Главный вопрос поэтики мифа, если говорить исключительно об онтологической стороне дела, – это вопрос о разделении сущностей. Это вопрос о тех средствах, с помощью которых сознание попыталось заделать трещину, возникшую между человеком и миром. Разлом мира прошел через человека. Сознание того, что произошло, появилось в тот момент, когда это уже произошло. Новое качество далось дорогой ценой. Можно сколько угодно говорить о «синкретизме» первобытного мышления, не понимая самого важного – крайней неполноты, ущербности этого синкретизма. Миф – это вовсе не «целостность», как принято думать, а не более чем воспоминание о былой целостности, это остатки, отражения того состояния полноты и самодостаточности, в котором не было ничего, кроме названных полноты и самодостаточности. Обсуждать вопрос, откуда взялась «трещина» и куда пропала целостность, здесь мы не в состоянии. Однако взглянуть на миф, как на аварийную процедуру, грубую хирургическую операцию, когда пришлось шить по живому, наскоро, не зная, как зашивать и чем, было бы полезно. В этом случае миф предстает как отчаянная попытка спасти желанную целостность, попытка по большей части неудачная. Другое дело, что со временем изменилась перспектива и масштабы бедствия: когда трещина превратилась в пропасть, миф с его набором компромиссов и паллиативов стал казаться раем целостности, заветной мечтой. Отсюда собственно и берет начало тенденция к идеализации мифа, к его приручению: культура как будто закрывает глаза и пытается не замечать ужасающего трагизма мифа, тех страшных и кровавых дел, которые в нем творятся; адаптируя миф, она в конце концов превращает его в детское чтение.

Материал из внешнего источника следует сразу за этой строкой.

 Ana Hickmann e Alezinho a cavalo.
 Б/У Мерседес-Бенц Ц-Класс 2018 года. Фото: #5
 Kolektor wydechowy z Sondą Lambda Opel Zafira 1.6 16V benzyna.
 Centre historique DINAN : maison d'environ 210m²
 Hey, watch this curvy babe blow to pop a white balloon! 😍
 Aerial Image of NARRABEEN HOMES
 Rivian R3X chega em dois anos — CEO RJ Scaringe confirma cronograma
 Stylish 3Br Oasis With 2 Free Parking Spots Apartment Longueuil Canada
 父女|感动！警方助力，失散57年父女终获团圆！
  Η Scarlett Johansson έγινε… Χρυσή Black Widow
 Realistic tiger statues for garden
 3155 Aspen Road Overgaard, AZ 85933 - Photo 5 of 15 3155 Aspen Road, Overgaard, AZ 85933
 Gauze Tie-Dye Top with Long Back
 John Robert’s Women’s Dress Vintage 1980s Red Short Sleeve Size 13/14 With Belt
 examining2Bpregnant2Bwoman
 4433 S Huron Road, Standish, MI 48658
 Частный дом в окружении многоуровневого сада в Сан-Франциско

Поэтика мифа – это поэтика изумленного взгляда на разверзающуюся под ногами трещину, на стремительно изменяющийся мир. То, что стояло, стало двигаться, что двигалось – застыло; живое – окаменело, камень – ожил, место однородной целостности заняли пустоты и уплотнения, верх отделился от низа, свет встал против мрака. Человек увидел мир в его непосредственной данности, мир как он есть; увидел, ужаснулся своему непониманию и начал собирать мир и себя самого по частям, прилаживая одно к другому, закрепляя за вещами определенный порядок, в котором он мог хоть как-то ориентироваться.

Что такое «мир, поделенный пополам», что такое «трещина», как не переформулировка вопроса о жизни и смерти? Если говорить о них на языке вещественно-пространственном, а это и есть язык онтологии, смерть и жизнь представляют собой спор двух по-разному именуемых начал: наличия и отсутствия, вещества и пустоты, формы и бесформенности со всеми надстраивающимися над этими началами интеллектуальными, религиозными и эстетическими контекстами. Миф умер, но дело его живет, потому что задача борьбы со смертью, т. е. с «трещиной», осталась принципиально той же самой. Чтобы сдержать рост «трещины», литература изобретает все новые и новые способы и одновременно все более осознает свое бессилие: на современном языке это называется «усилением драматического начала» в искусстве. Понятая так, увиденная так, литература становится местом, где разрешаются глубинные онтологические противоречия и интуиции автора и читателя, местом, где осуществляются их персональные онтологии (или мифологии). Отсюда – единые принципы выстраивания и понимания текстовой подосновы: онтологический двойник, которому автор передает свой витальный или энергийный смысл; переадресовка этого смысла далее – на символически отмеченный предмет, обозначение онтологически напряженных точек в тексте – порогов, эмблем и, наконец, трансформация исходных смыслов, их закрепление в виде иноформ, игра в семантические замены, подстановки, инверсии, компромиссы с целью подведения итогового смыслового баланса.